Samuel L. Jackson and Ben Mendelsohn in 'Secret Invasion'
Photo: Disney+

Secret Invasion misses that feeling — and it’s not because it’s a spy thriller, either. This vibe is the reason why the Mission: Impossible franchise endures. That franchise, especially in the third and fourth films, really had a lot of goofy fun with malfunctioning tech, impossibly complicated schemes, and — most relevant here — masks. But Secret Invasion, at least in the premiere episode, almost seems too serious to have fun with its premise. These are shapeshifters! They’re green aliens with big pointy ears! Why is there only one “they were a Skrull?!” moment in a show that should be filled with them? At the very least, the show should be having fun with who is or isn’t a Skrull… and it’s not, at least not yet. Secret Invasion starts off as a show about alien shapeshifters who specifically have to remain in human form for plot reasons, and no one suspects anyone of not being who they say they are. A tense spy thriller is a hard sell when there’s no tension or thrills.

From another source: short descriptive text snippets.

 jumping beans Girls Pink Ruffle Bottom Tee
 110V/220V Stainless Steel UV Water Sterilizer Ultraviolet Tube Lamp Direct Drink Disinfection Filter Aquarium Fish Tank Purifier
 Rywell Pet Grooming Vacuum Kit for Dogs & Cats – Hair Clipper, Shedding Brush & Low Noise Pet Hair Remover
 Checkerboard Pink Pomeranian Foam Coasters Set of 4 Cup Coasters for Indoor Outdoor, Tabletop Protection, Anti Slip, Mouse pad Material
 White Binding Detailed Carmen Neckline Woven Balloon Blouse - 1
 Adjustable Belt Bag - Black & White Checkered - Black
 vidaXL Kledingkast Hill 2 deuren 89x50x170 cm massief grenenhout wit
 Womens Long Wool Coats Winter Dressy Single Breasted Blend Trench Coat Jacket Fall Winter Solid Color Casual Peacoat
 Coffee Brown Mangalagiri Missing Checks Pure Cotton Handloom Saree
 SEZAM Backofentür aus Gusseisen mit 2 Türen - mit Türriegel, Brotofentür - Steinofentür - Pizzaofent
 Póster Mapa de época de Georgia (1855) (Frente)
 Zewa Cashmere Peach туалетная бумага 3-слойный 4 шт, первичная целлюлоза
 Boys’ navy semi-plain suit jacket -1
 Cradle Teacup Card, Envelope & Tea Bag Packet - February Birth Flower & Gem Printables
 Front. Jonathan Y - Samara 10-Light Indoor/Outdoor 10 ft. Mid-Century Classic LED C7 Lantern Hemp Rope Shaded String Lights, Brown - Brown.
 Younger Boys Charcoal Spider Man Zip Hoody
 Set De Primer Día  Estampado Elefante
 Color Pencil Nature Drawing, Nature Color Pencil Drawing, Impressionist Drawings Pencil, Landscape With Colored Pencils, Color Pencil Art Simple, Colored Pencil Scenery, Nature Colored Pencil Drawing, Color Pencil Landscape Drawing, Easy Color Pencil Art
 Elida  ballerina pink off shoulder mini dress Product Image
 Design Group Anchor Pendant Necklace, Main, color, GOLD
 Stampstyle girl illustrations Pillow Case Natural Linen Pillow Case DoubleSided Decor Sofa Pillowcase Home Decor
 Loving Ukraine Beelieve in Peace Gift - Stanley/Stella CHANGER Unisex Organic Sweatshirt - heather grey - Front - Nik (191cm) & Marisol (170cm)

All that being said, Secret Invasion still has plenty going for it. The cast is, like I said, fantastic and turning out great performances. And as an MCU superfan (and sometimes apologist), it’s fun seeing the universe spread out just a little more and bring in a few elements of other genres. And I really can’t say enough about how great Samuel L. Jackson is here. He’s 15 years into this gig and it looks like he’s having more fun than ever. Like, I’m still thinking of a passing bit of business where Fury offers Maria Hill popcorn. I’ll even bend the strict rules of the Stream It or Skip It format and say that Episode 2 is better than Episode 1, which gives me a bit of hope that this alien invasion will become more suspenseful — and wonder-filled.

Our Call: STREAM IT — but maybe let a few episodes pile up first if you’re not an MCU devotee. With its deliberate buildup, Secret Invasion really feels like it should have been an all-at-once drop. As a weekly watch, though, it leaves me wanting more — and at least I have hope that we’ll get more.